Try it: Could you restate all of the entries, word for word?

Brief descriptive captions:

=== Begin Enclosure ===

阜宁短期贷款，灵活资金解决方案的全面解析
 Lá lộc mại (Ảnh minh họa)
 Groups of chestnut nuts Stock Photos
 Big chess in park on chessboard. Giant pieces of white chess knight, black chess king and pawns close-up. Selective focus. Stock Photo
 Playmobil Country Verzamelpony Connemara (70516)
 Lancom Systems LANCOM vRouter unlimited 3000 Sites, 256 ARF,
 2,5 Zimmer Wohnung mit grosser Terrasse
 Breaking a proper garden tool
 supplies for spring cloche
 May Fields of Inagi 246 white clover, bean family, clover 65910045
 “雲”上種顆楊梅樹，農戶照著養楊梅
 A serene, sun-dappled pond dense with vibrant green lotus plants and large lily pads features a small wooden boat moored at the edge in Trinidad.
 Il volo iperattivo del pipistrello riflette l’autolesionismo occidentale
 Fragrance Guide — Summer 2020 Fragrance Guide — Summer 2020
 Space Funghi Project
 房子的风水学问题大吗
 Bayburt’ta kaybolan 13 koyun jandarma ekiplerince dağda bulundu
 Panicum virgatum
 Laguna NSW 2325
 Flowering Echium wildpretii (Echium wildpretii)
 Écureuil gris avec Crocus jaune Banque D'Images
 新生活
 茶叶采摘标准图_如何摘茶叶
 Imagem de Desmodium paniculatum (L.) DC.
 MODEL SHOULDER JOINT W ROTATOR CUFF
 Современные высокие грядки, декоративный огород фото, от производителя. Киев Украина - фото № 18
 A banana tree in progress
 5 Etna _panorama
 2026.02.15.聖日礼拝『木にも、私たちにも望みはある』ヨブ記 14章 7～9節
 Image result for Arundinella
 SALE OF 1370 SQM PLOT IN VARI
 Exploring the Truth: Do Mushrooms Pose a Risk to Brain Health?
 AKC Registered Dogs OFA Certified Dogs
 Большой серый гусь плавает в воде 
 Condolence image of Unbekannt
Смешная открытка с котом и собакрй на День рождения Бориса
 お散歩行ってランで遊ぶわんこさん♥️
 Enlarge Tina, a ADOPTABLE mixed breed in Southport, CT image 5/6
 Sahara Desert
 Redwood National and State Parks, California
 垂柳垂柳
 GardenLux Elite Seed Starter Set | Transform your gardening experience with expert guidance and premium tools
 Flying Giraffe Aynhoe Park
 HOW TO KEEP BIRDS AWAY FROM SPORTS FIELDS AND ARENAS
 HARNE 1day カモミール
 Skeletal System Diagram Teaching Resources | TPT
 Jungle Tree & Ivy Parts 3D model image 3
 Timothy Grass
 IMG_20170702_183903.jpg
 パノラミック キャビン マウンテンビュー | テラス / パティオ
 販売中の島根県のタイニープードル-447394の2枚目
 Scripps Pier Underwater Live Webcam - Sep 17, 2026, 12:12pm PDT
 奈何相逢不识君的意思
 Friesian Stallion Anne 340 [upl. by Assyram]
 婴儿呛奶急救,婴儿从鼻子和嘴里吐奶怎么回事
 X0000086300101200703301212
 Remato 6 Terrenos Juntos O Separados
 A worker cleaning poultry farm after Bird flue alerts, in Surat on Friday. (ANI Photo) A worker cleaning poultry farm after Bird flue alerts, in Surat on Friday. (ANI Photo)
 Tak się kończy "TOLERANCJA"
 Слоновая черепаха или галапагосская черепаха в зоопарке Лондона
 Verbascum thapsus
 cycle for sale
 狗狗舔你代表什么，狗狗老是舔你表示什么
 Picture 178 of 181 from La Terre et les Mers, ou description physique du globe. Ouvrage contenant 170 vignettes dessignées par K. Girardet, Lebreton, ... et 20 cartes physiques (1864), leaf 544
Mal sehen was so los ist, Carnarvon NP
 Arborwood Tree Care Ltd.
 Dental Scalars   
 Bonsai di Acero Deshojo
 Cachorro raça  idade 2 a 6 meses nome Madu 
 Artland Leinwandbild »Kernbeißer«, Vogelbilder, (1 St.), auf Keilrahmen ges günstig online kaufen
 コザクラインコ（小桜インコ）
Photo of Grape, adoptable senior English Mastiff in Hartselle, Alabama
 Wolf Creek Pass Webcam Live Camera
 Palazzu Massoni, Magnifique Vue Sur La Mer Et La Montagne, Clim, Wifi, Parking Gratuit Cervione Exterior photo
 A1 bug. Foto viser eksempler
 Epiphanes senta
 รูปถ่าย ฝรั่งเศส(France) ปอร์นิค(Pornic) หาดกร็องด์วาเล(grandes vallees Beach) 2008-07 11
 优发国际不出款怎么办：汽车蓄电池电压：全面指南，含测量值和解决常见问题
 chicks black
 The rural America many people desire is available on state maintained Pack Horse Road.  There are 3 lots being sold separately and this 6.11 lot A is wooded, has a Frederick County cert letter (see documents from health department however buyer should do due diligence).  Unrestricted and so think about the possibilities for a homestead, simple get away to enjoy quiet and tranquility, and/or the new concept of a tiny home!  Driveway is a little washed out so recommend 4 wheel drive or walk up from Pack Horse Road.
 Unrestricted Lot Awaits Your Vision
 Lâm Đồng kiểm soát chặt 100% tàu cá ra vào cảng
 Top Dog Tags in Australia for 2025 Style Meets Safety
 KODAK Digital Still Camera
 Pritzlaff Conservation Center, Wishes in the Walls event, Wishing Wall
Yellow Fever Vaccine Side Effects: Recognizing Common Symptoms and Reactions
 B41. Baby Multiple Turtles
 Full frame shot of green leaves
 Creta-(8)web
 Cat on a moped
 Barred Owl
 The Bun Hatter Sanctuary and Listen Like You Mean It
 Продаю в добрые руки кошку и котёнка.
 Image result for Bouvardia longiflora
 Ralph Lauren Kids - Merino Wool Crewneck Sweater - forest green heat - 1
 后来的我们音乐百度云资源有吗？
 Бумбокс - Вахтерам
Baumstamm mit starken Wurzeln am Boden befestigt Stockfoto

=== End Enclosure ===

Answer to the exercise:
阜宁短期贷款，灵活资金解决方案的全面解析
 Lá lộc mại (Ảnh minh họa)
 Groups of chestnut nuts Stock Photos
 Big chess in park on chessboard. Giant pieces of white chess knight, black chess king and pawns close-up. Selective focus. Stock Photo
 Playmobil Country Verzamelpony Connemara (70516)
 Lancom Systems LANCOM vRouter unlimited 3000 Sites, 256 ARF,
 2,5 Zimmer Wohnung mit grosser Terrasse
 Breaking a proper garden tool
 supplies for spring cloche
 May Fields of Inagi 246 white clover, bean family, clover 65910045
 “雲”上種顆楊梅樹，農戶照著養楊梅
 A serene, sun-dappled pond dense with vibrant green lotus plants and large lily pads features a small wooden boat moored at the edge in Trinidad.
 Il volo iperattivo del pipistrello riflette l’autolesionismo occidentale
 Fragrance Guide — Summer 2020 Fragrance Guide — Summer 2020
 Space Funghi Project
 房子的风水学问题大吗
 Bayburt’ta kaybolan 13 koyun jandarma ekiplerince dağda bulundu
 Panicum virgatum
 Laguna NSW 2325
 Flowering Echium wildpretii (Echium wildpretii)
 Écureuil gris avec Crocus jaune Banque D'Images
 新生活
 茶叶采摘标准图_如何摘茶叶
 Imagem de Desmodium paniculatum (L.) DC.
 MODEL SHOULDER JOINT W ROTATOR CUFF
 Современные высокие грядки, декоративный огород фото, от производителя. Киев Украина - фото № 18
 A banana tree in progress
 5 Etna _panorama
 2026.02.15.聖日礼拝『木にも、私たちにも望みはある』ヨブ記 14章 7～9節
 Image result for Arundinella
 SALE OF 1370 SQM PLOT IN VARI
 Exploring the Truth: Do Mushrooms Pose a Risk to Brain Health?
 AKC Registered Dogs OFA Certified Dogs
 Большой серый гусь плавает в воде 
 Condolence image of Unbekannt
Смешная открытка с котом и собакрй на День рождения Бориса
 お散歩行ってランで遊ぶわんこさん♥️
 Enlarge Tina, a ADOPTABLE mixed breed in Southport, CT image 5/6
 Sahara Desert
 Redwood National and State Parks, California
 垂柳垂柳
 GardenLux Elite Seed Starter Set | Transform your gardening experience with expert guidance and premium tools
 Flying Giraffe Aynhoe Park
 HOW TO KEEP BIRDS AWAY FROM SPORTS FIELDS AND ARENAS
 HARNE 1day カモミール
 Skeletal System Diagram Teaching Resources | TPT
 Jungle Tree & Ivy Parts 3D model image 3
 Timothy Grass
 IMG_20170702_183903.jpg
 パノラミック キャビン マウンテンビュー | テラス / パティオ
 販売中の島根県のタイニープードル-447394の2枚目
 Scripps Pier Underwater Live Webcam - Sep 17, 2026, 12:12pm PDT
 奈何相逢不识君的意思
 Friesian Stallion Anne 340 [upl. by Assyram]
 婴儿呛奶急救,婴儿从鼻子和嘴里吐奶怎么回事
 X0000086300101200703301212
 Remato 6 Terrenos Juntos O Separados
 A worker cleaning poultry farm after Bird flue alerts, in Surat on Friday. (ANI Photo) A worker cleaning poultry farm after Bird flue alerts, in Surat on Friday. (ANI Photo)
 Tak się kończy "TOLERANCJA"
 Слоновая черепаха или галапагосская черепаха в зоопарке Лондона
 Verbascum thapsus
 cycle for sale
 狗狗舔你代表什么，狗狗老是舔你表示什么
 Picture 178 of 181 from La Terre et les Mers, ou description physique du globe. Ouvrage contenant 170 vignettes dessignées par K. Girardet, Lebreton, ... et 20 cartes physiques (1864), leaf 544
Mal sehen was so los ist, Carnarvon NP
 Arborwood Tree Care Ltd.
 Dental Scalars   
 Bonsai di Acero Deshojo
 Cachorro raça  idade 2 a 6 meses nome Madu 
 Artland Leinwandbild »Kernbeißer«, Vogelbilder, (1 St.), auf Keilrahmen ges günstig online kaufen
 コザクラインコ（小桜インコ）
Photo of Grape, adoptable senior English Mastiff in Hartselle, Alabama
 Wolf Creek Pass Webcam Live Camera
 Palazzu Massoni, Magnifique Vue Sur La Mer Et La Montagne, Clim, Wifi, Parking Gratuit Cervione Exterior photo
 A1 bug. Foto viser eksempler
 Epiphanes senta
 รูปถ่าย ฝรั่งเศส(France) ปอร์นิค(Pornic) หาดกร็องด์วาเล(grandes vallees Beach) 2008-07 11
 优发国际不出款怎么办：汽车蓄电池电压：全面指南，含测量值和解决常见问题
 chicks black
 The rural America many people desire is available on state maintained Pack Horse Road.  There are 3 lots being sold separately and this 6.11 lot A is wooded, has a Frederick County cert letter (see documents from health department however buyer should do due diligence).  Unrestricted and so think about the possibilities for a homestead, simple get away to enjoy quiet and tranquility, and/or the new concept of a tiny home!  Driveway is a little washed out so recommend 4 wheel drive or walk up from Pack Horse Road.
 Unrestricted Lot Awaits Your Vision
 Lâm Đồng kiểm soát chặt 100% tàu cá ra vào cảng
 Top Dog Tags in Australia for 2025 Style Meets Safety
 KODAK Digital Still Camera
 Pritzlaff Conservation Center, Wishes in the Walls event, Wishing Wall
Yellow Fever Vaccine Side Effects: Recognizing Common Symptoms and Reactions
 B41. Baby Multiple Turtles
 Full frame shot of green leaves
 Creta-(8)web
 Cat on a moped
 Barred Owl
 The Bun Hatter Sanctuary and Listen Like You Mean It
 Продаю в добрые руки кошку и котёнка.
 Image result for Bouvardia longiflora
 Ralph Lauren Kids - Merino Wool Crewneck Sweater - forest green heat - 1
 后来的我们音乐百度云资源有吗？
 Бумбокс - Вахтерам
Baumstamm mit starken Wurzeln am Boden befestigt Stockfoto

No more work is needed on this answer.